Title: Harnessing WebRTC for Large-Scale Live Streaming

Authors: Wei Zhang, Tong Meng, Xianhua Zeng, Wei Yang, Changqing Yan, Chao Li, Chenguang Li, Feng Qian(ByteDance); Junfeng Yang(Hunan University of Technology and Business); Lei Zhang(Shenzhen University); Zhi Wang(SIGS, Tsinghua University)

Speaker: Wei Zhang

Scriber: Yining Jiang


Introduction

The paper tackles the challenge of achieving ultra-low latency for large-scale live streaming, which is essential for interactive scenarios like e-commerce flash sales and live sports. Existing solutions, notably HTTP-FLV over TCP, had been optimized to around 5s latency at Douyin but could not break further without severe rebuffering. Reducing pre-buffering directly caused unacceptable video stalls, revealing the fundamental limits of TCP-based protocols. WebRTC, designed for real-time communication with sub-second latency, seemed promising, but naïve deployment degraded user engagement due to issues like first-frame delay, CPU overhead, and AV drift.


Key Idea and Contribution

The authors designed RTM (Real-Time Media), a WebRTC-based streaming system customized for billion-scale live broadcasts. Their key insight was to optimize four QoE metrics most strongly tied to user engagement—first-frame delay, startup video rebuffering, AV drift, and CPU usage—rather than latency alone.
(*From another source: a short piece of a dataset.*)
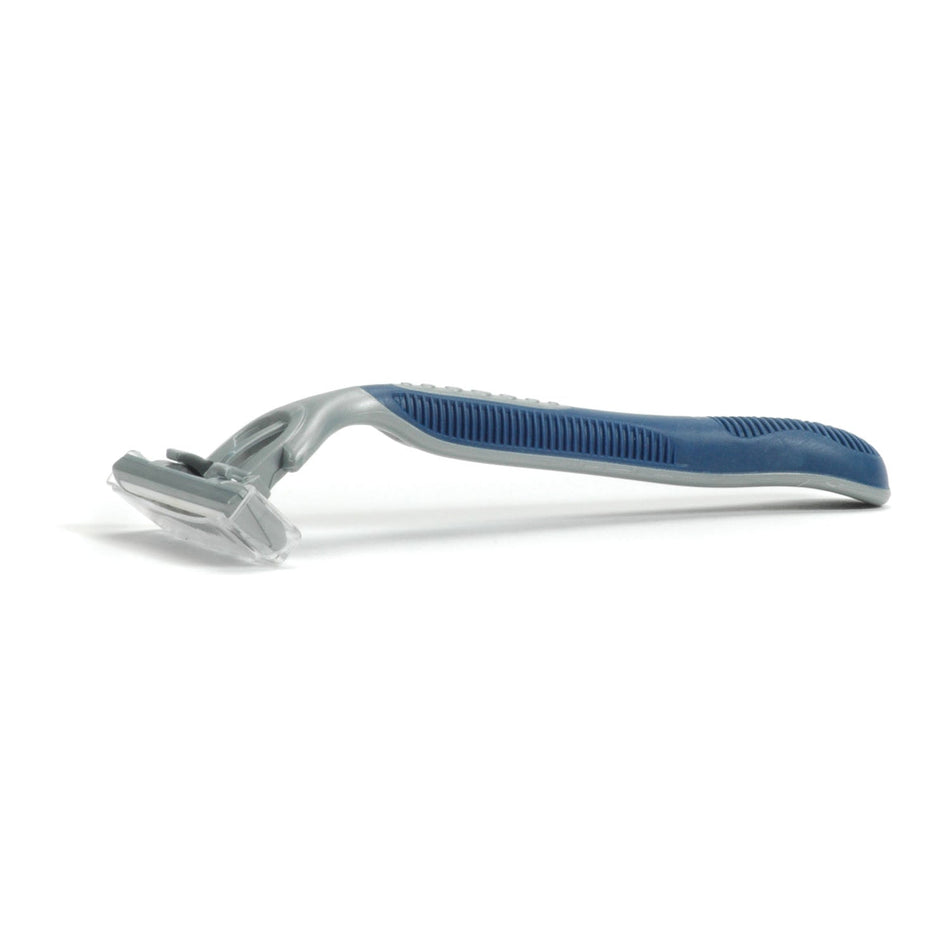 New World Imports Razors - Triple Blade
2a-RTM-viewerpenetration2b-RTM-dailyviewingtime

The main contributions are that:

  • Integrated media processing pipeline – Reusing long-lived codecs and simplifying redundant RTC blocks to cut CPU overhead and first-frame delay.

  • Audio-calibrated AV synchronization – Calibrating video rendering to audio rather than dropping frames, achieving faster AV sync without harming smoothness.
    4-RTM-AVsync

  • Bitrate-limited startup pacing – Controlling CDN burst rates to prevent startup rebuffering under cached GOP delivery.
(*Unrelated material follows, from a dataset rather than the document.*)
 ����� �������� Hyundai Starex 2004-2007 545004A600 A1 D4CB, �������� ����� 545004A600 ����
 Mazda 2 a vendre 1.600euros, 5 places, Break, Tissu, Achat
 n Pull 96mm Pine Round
  • Lightweight SDP negotiation – Compressing and merging signaling to reduce handshake overhead.

These optimizations, validated through billions of A/B test sessions, converted WebRTC’s latency advantage into measurable engagement and revenue gains.


Evaluation

RTM reduced end-to-end latency by 54.5% over HTTP-FLV and improved startup rebuffering duration by >12%, while viewer penetration and daily viewing time rose 0.03% and 0.39%, respectively—enough to yield 0.8% more paid orders, representing billions in revenue for Douyin. Case studies during the FIFA World Cup and Asian Games showed Douyin’s streams ran 3.5–31 s faster than competitors. These results are significant because they prove RTM can increase user penetration and user viewing time, which have been proven by the Douyin team in real-world tests to be closely related to commercial revenue. Therefore it is proven that RTM could be scaled to billions of sessions for commercial live streaming, transforming low-latency streaming from a research promise into an operational success.




Q&A

Q1: What kind of bitrate adaptation do you use for this work, and have you considered adopting TLadder in this real-time delivery framework?
A1: Probably they can be combined. I am pretty sure.
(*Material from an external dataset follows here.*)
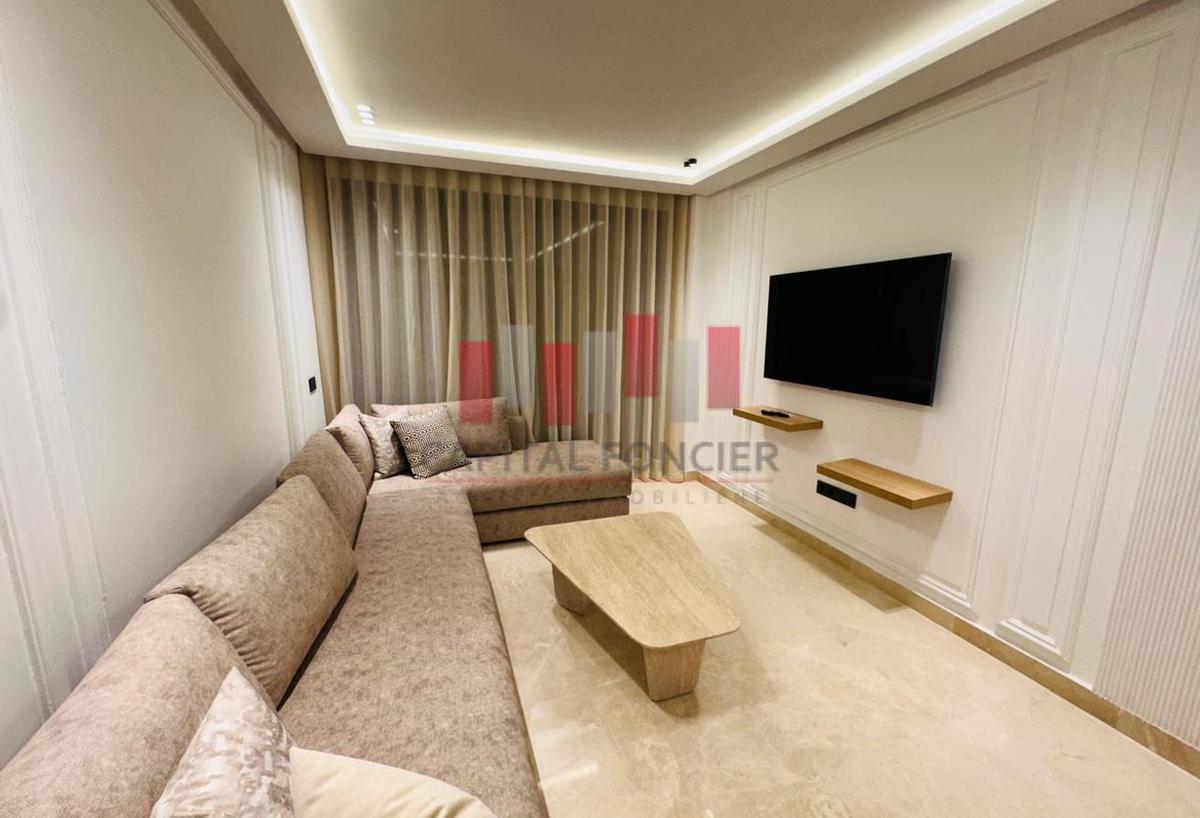 An image of the housing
Q2: What is the current ABR algorithm that you’re using?
A2: Currently, we are working on the ABR algorithm, and probably the TLadder can be used.


Personal Thoughts

I believe this paper presents very realistic application scenarios. It adapts the protocol based on the characteristics of live streaming and users’ feedback. The detailed deployment insights (e.g., CDN coordination, fallback to HTTP-FLV for unsupported networks) make this a rare real-world case study at Douyin’s scale. The paper convincingly demonstrates RTM’s viability for global-scale interactive streaming and provides actionable lessons for both industry and research.